The high daily fall in oil price came as investors weighed the largest drop in US output since 2013 against a smaller-than-expected stockpile decline.

Yesterday, oil prices lost -4.8% after government data showed crude stockpiles fell -2.2 million barrels last week, less than the forecast -2.5 million barrel decline and the -6.7 million drop reported by the industry-funded American Petroleum Institute.

Analysts say oil traders were mulling the fact that US crude production fell 194kbpd last week (-2.3%) – the most since Oct 2013, versus a pickup in rig counts, disappointing gasoline demand, a reduction in run rates by refiners and shifting investor sentiment in the near term.

The next major catalyst for the market is rig count data out later today and which might show a continuation of the recent trend of adding rigs should weigh on prices.
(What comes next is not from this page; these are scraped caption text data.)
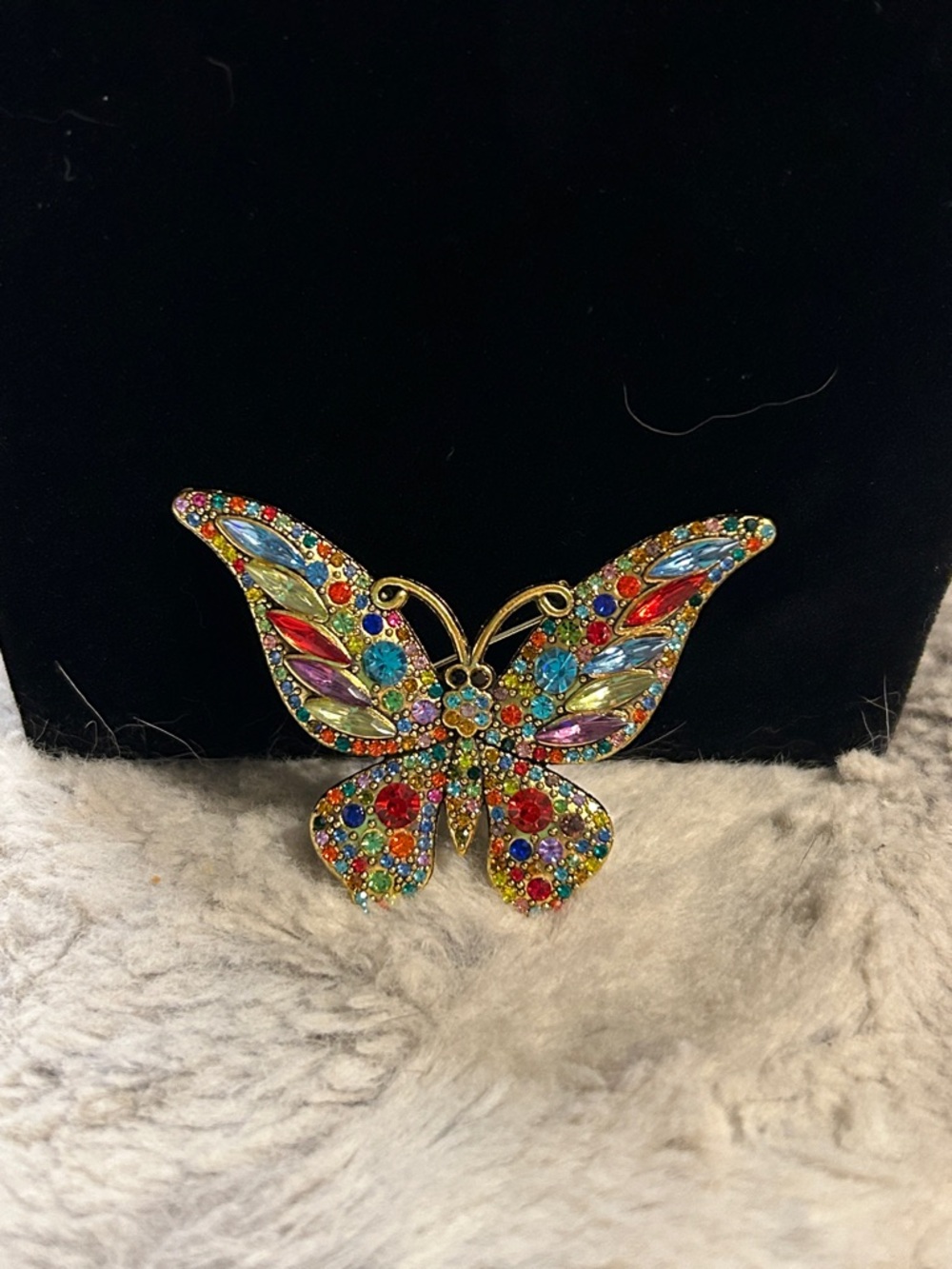 Multicolor Crystal Butterfly Brooch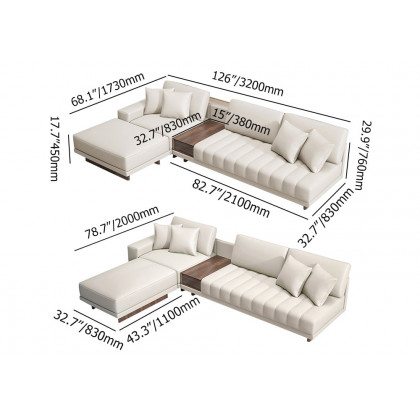 HMR 126" L-Shaped Modular Sectional with Chaise & Ottoman - Ivory, Leather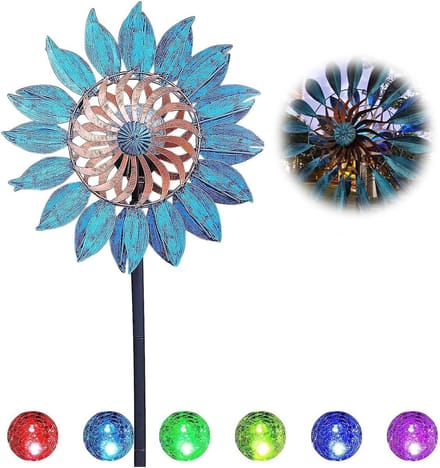 Windspinner - Tuindecoratie - Buiten Decoratie - Dubbele Rotoren - 84 Inch - Brons Blauw
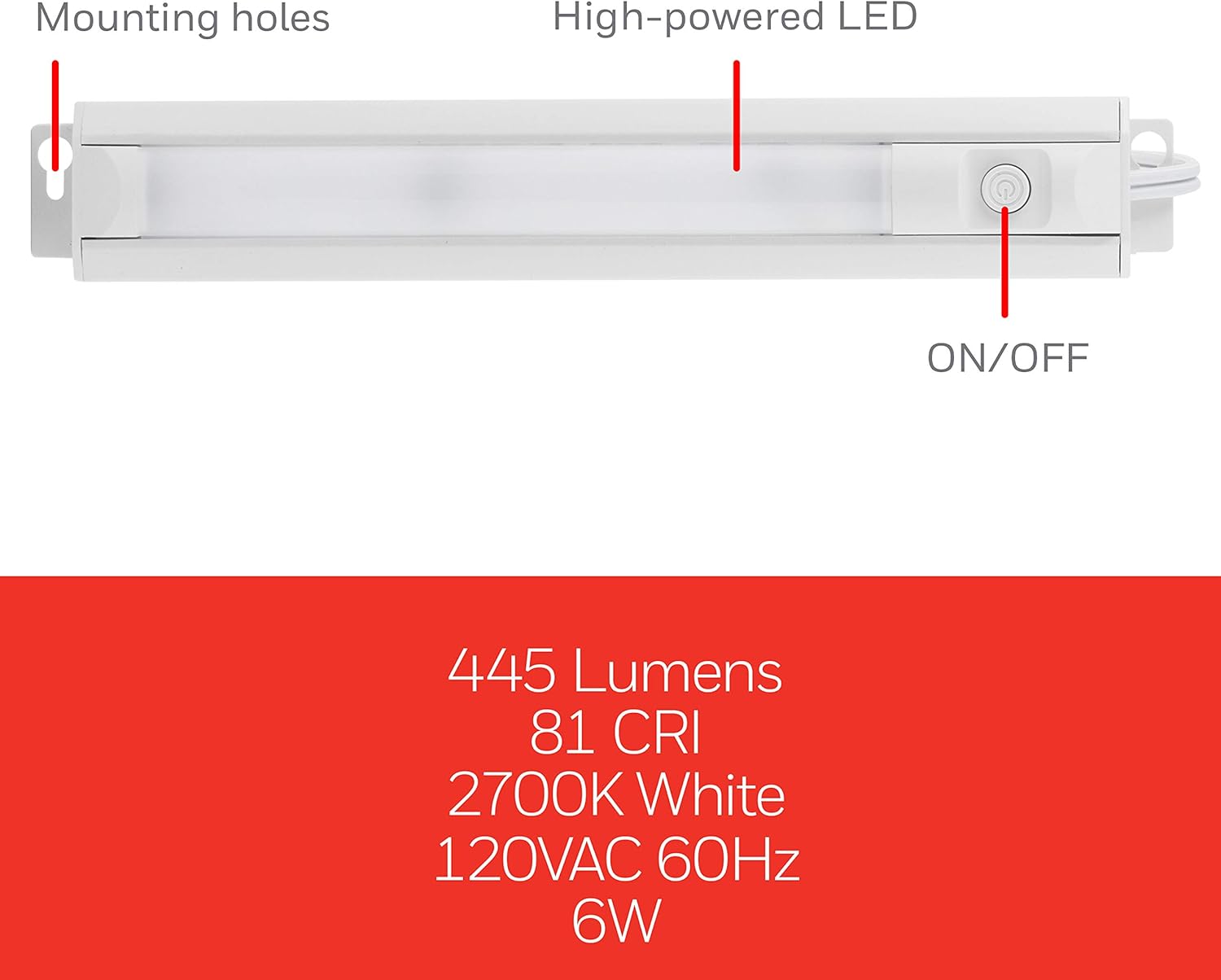 UltraPro 16in. LED Fixture, Under Cabinet Light, 2700K Warm White, 445 Lumens, Closet, Kitchen, Flat Plug, 44128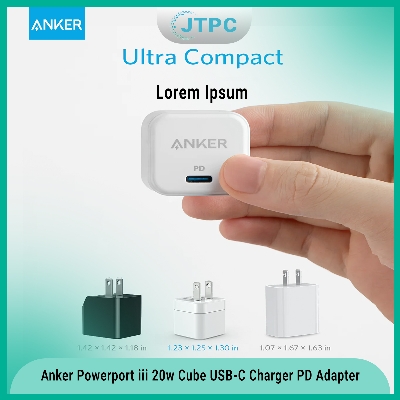 Picture of Anker Powerport III 20W Cube USB-C Charger PD Adapter (Adapter only)
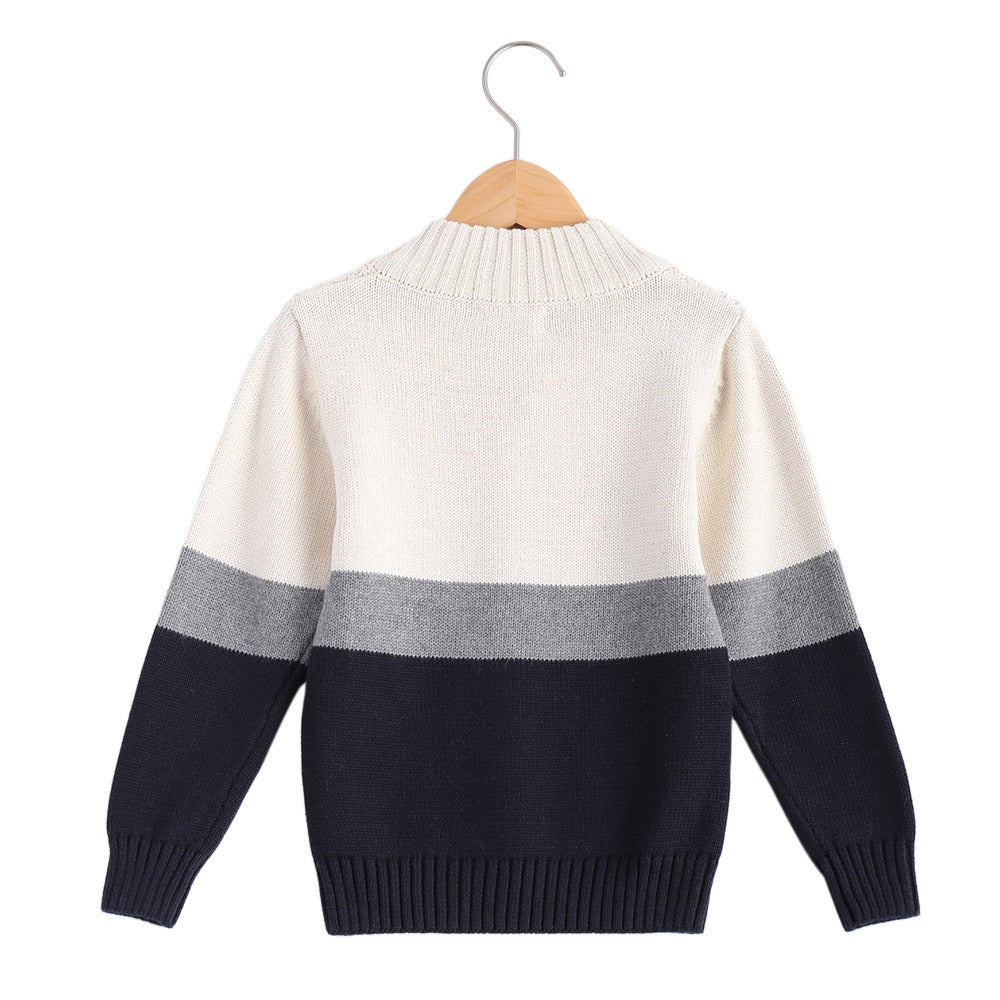 Color Block Buttoned Pullover Sweater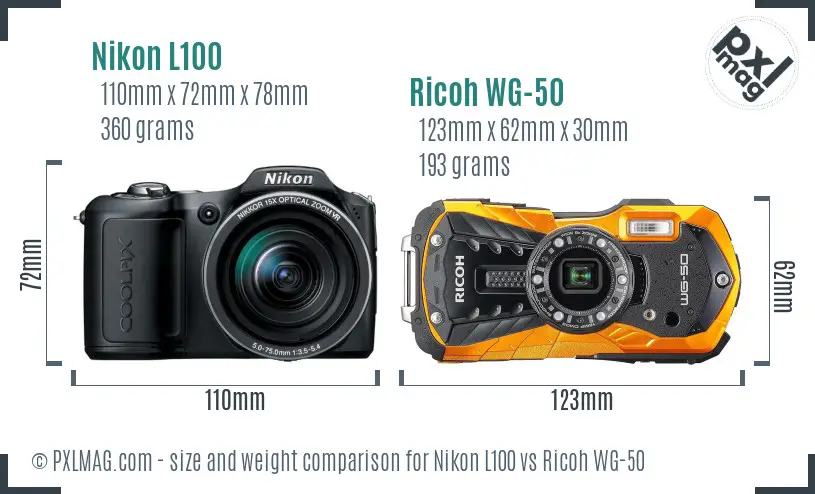 Nikon L100 vs Ricoh WG-50 size comparison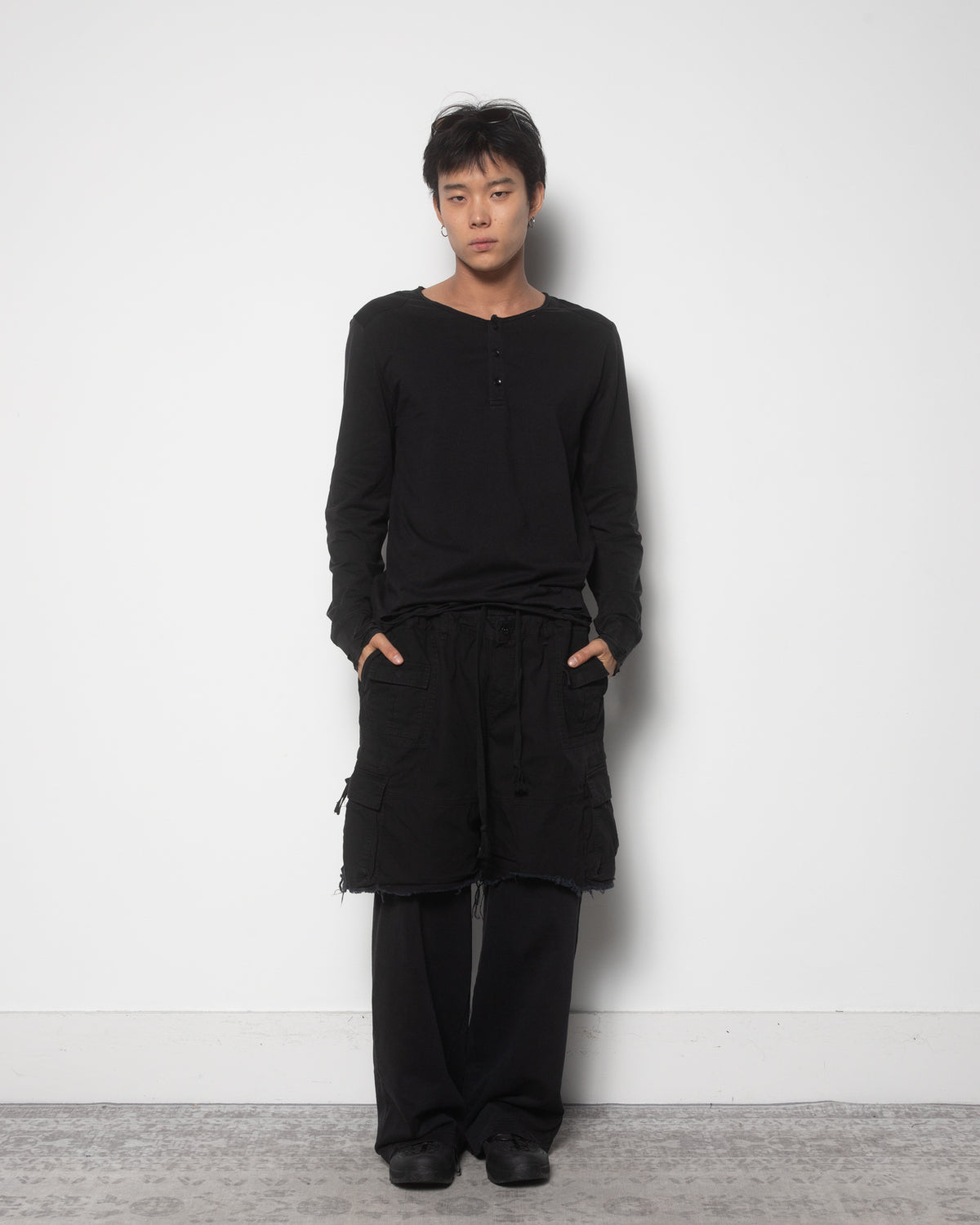Void Henley Shirt in Faded Black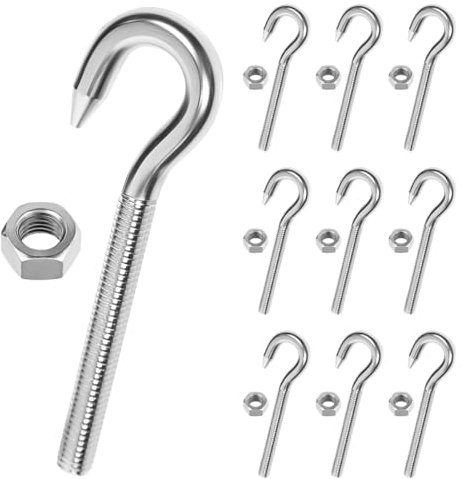 10 Pièces Piton à Visser Inox 304, Crochet Boulon Anneau M6, Objets à Suspendre pour Plafond et Mur, pour Hamacs, Auvents et Chaises Suspendues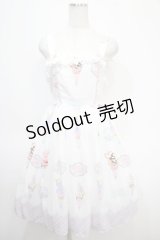 axes femme kawaii / アイス柄ジャンパースカート M 白 Y-25-04-26-077-AX-OP-SZ-ZY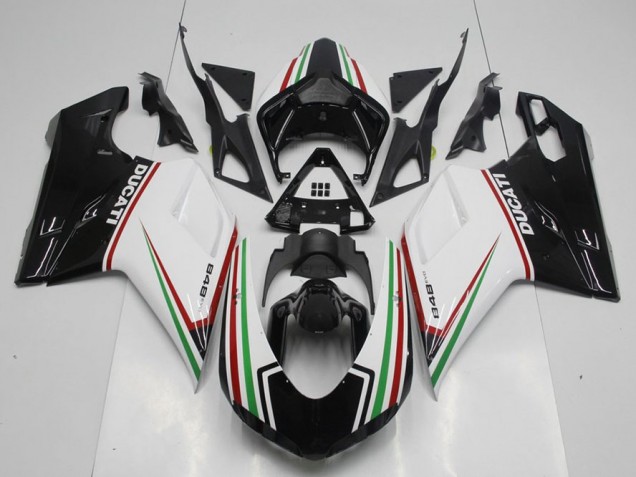 Cheap 2007-2014 Black Green and White Ducati 848 1098 1198 Motorcycle Fairing Kit Canada Cheap 2007-2014 Black Green and White Ducati 848 1098 1198 Motorcycle Fairing Kit Canada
Two projects worth $45 billion announced this month show the world’s largest oil companies are regaining the confidence to make big investments, emboldened by rising crude prices and low costs that promise to trigger more expansion ahead.

Chevron Corp. gave the go-ahead to a $37 billion expansion in Kazakhstan, the industry’s biggest undertaking since crude started tumbling two years ago.

BP Plc signed off on the $8 billion expansion of a liquefied natural gas plant in Indonesia. Two more big projects are likely to get a green light this year, according to industry consulting firm Wood Mackenzie Ltd. and Jefferies International Ltd. — BP’s Mad Dog Phase 2 in the Gulf of Mexico and Eni SpA’s Coral LNG development off Mozambique.